Orionid meteor shower visible this weekend, here’s where you can watch it

The Orionid meteor shower will light up the night sky tonight and tomorrow night as Earth travels through an area of space littered with debris from Halley’s Comet, according to NASA.

On a dark and moonless night, the Orionids produce as many as 10 to 20 bursts every hour.

Thankfully this year’s lack of a full moon should keep the skies clear of any interfering light that might obscure the view.

Where to see the Orionids meteor shower?

The good news is that the Orionids are visible from anywhere on the planet as they dash across the sky.

According to Nasa, the meteor shower will burst out from their radiant point of origin near their namesake constellation – Orion.

Jane Houston Jones, from Nasa’s Jet Propulsion Laboratory, said: “The Orionids peak on October 21, a dark, moonless night.

“Look near Orion’s club in the hours before dawn and you may see up to 10 to 15 meteors per hour.”

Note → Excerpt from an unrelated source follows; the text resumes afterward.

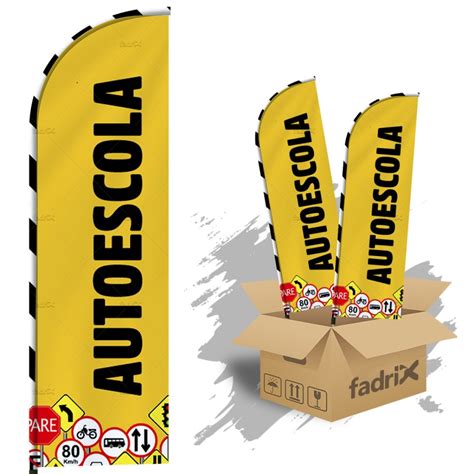 Wind Banner Dupla Face Mt Auto Escola Kit C Unds Na Fadrix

Orion is one of the most distinct constellations in the sky, and is one of the most easy ones to locate.

The best way to spot Orion is to train your eyes on the southwest sky and search for three bright stars in an almost straight line – Orion’s belt.

Thereafter you will need too look up for Orion’s club if you live in the northern hemisphere, or look down if you live below the equator.

The best time to head out for the shower is after sundown, in the early morning hours of Saturday.

Keep in mind that when the Orionids leave their radiant point they will not be very visible until about 30 degrees.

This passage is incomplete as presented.